We also observed plenty of malicious emails that were sent to email addresses likely scraped off the targeted organization’s web site.
We even encountered malicious emails that appeared to be mass-mailed to lists of bcc’ed recipients.
To be sure we also saw the occasional phish that did appear to be sent to an appropriate and potentially responsive inbox.
Even in these cases, however, the email addresses used were likely obtained off publicly facing web pages for the organizations targeted.
The most successfully targeted emails that we observed involved phishes spoofing brands in the job search and recruiting industry.
As with the other emails just discussed, however, the bad guys simply scraped email addresses off the targeted organizations’ web sites.
To summarize, some of the spoofed emails we received from customers did indeed manage to target appropriate audiences, but those emails were definitely in the minority of the emails we reviewed. Moreover, the level or quality of targeting was based on the simplest of information (scraped email addresses).
It is certainly possible that there are malicious actors out there who are prosecuting sophisticated spear phishing campaigns based on quality intelligence that allows them to reliably target specific individuals known to be interacting with these “sub-premium” spoofed brands. That intelligence might be the product of previous phishing campaigns that gave those malicious actors access to the email accounts of others within those targeted organizations or the spoofed companies themselves — accounts that could contain a wealth of organizational data. Such intelligence might also have been simply been purchased in the form of commercially available lists and databases.

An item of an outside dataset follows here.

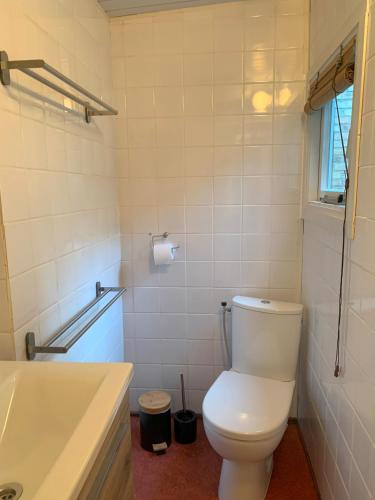 Ένα μπάνιο στο Tiny house tussen de grachten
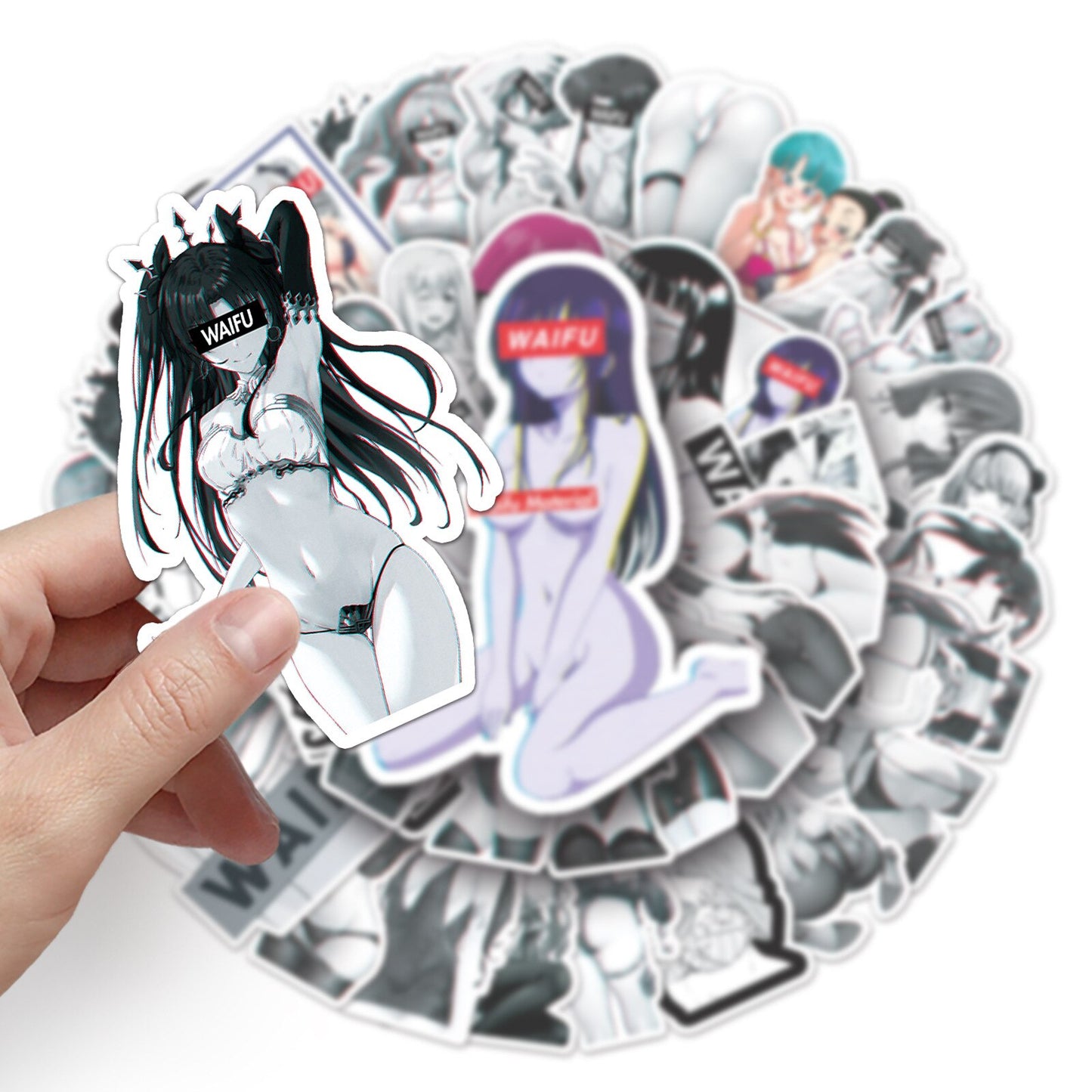 10/30/50Pcs Stickers Anime Sexy Waifu Pinup Girl Bunny Suitcase Laptop Sticker Adults Girls Otaku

As we noted above, these “sub-premium” phishing brands do seem ripe for highly targeted phishing campaigns. If the malicious actors behind the campaigns we observed were not particularly savvy in developing quality intelligence and then using it to compromise well-placed, vulnerable employees within targeted organizations, we take that as evidence that those particular bad guys are still in the process of learning how to successfully prosecute these types of phishing campaigns.
What You Can Do
We have no reason to believe that the bad guys will stop exploiting the “sub-premium” phishing brands discussed here. If anything, we anticipate that malicious actors will not only grow more sophisticated in crafting effective phishing campaigns based on spoofing these brands, but we expect that they will further expand their menu of “sub-premium” phishing brands, allowing them to target a wider population of employees within vulnerable organizations. In other words, this could well be an emerging growth area for malicious actors interested in phishing their way to ill-gotten riches.
So what can concerned organizations do? For starters, you should review your organization’s vulnerability to these types of phishing campaigns. That means at the very least getting a handle on which email addresses and which employees within your organization may already be publicly exposed and, as a result, ripe for targeting by the bad guys.
Similarly, it would also be useful to review the outside companies your organization relies on for its business operations, which employees within your organization are responsible for managing those relationships, and what intelligence about those relationships might be publicly visible to malicious actors. The same holds true for the back office systems and services that underpin your organization’s day-to-day operations.
Finally, your employees need to be stepped through new-school security awareness training. Many of your employees may already have an inkling that a spoofed Google security alert could in fact be a dangerous credentials phish. But they also need to recognize when the bad guys shift gears and begin spoofing companies like Square, Rackspace, Stripe, and Zip Recruiter — companies some of your employees deal with on a daily basis and have learned to trust.